Why Millions Of Americans May Soon Face Eviction
ARI SHAPIRO, HOST:
Even before the COVID-19 pandemic, roughly 1 out of every 4 renting households in the U.S. paid more than half of their monthly income in rent. Stacey Vanek Smith and Cardiff Garcia from our daily economics podcast The Indicator from Planet Money look at why that financial challenge means millions of Americans may soon be at risk of eviction.
CARDIFF GARCIA, BYLINE: The rent for the apartment that Kathie Seekircher shares with her husband in Camden, S.C., is $695 a month. And she cannot afford that on her wages from the assisted living facility where she now works.
KATHIE SEEKIRCHER: It's really difficult. My paycheck today was $595, and that's for two weeks.
GARCIA: But when the pandemic started, the federal government, along with state and local governments, they responded with policies to help avoid an immediate surge in evictions.
STACEY VANEK SMITH, BYLINE: Congress and the president expanded unemployment benefits in the CARES Act passed in late March, which helped people who lost their jobs keep paying their bills, things like rent. Plus a lot of state and local governments put these moratoriums in place that would stop landlords from evicting tenants. The federal government added its own moratorium on evictions for a lot of housing complexes that it subsidizes.
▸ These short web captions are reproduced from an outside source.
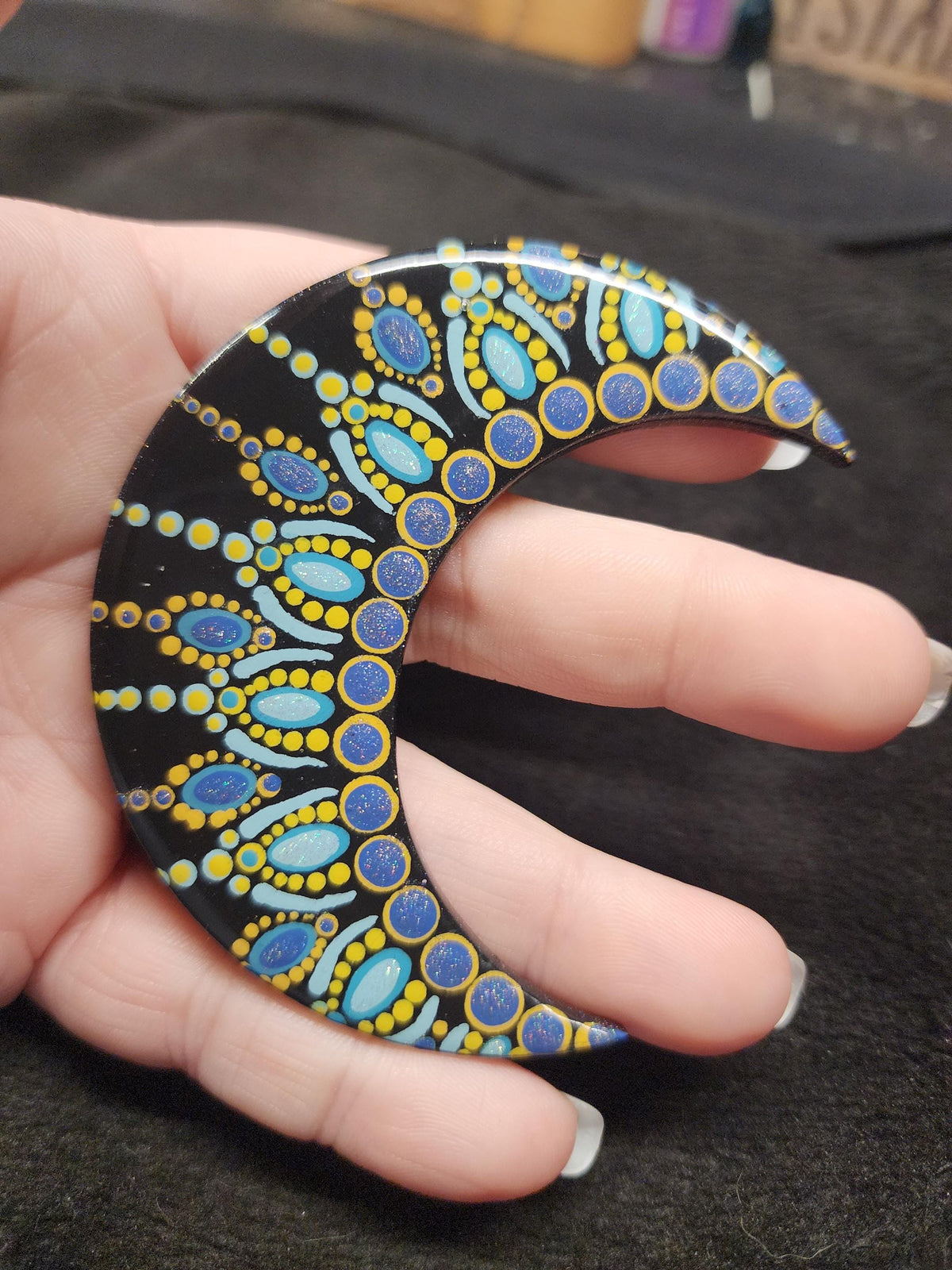 Hand Painted Blue & Yellow Crescent Moon Magnet Set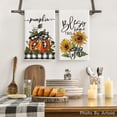 thumbnail image 2 of SM-XLHN Buffalo Plaid Bowknot Pumpkin Fall Kitchen Towels Dish Towels, 18x26 Inch Farmhouse Sunflower Thanksgiving Decoration Hand Towels Set of 4, 2 of 6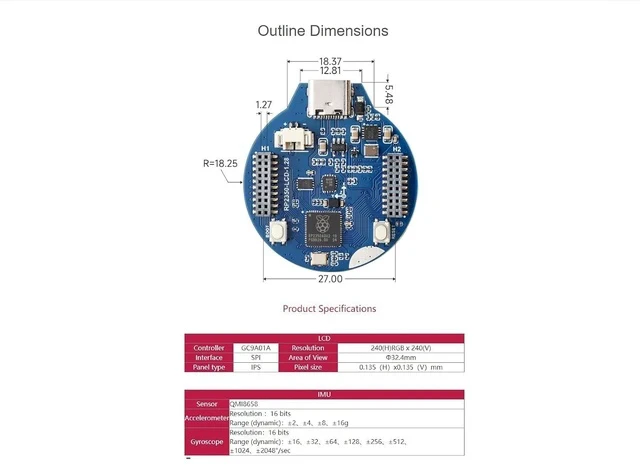 Alt view image 6 of 7 - RP2350 MCU Board with 1.28inch Round LCD 240×240 Pixels 65K Color IPS Display,Dual-core & Dual-Architecture Design,6-axis Sensor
GARCIA: But the expanded unemployment benefits expired at the end of July. The federal moratorium has also expired, and the moratoriums on evictions in at least 24 of the states that had them had also expired by the end of July, including the moratorium in Kathie's own state of South Carolina.
SEEKIRCHER: To be in that desperate situation - to be in that desperate situation and really feel like you've done everything you possibly can. You know, I'm a frugal person. I know how to pinch a good penny, but there was no pinch.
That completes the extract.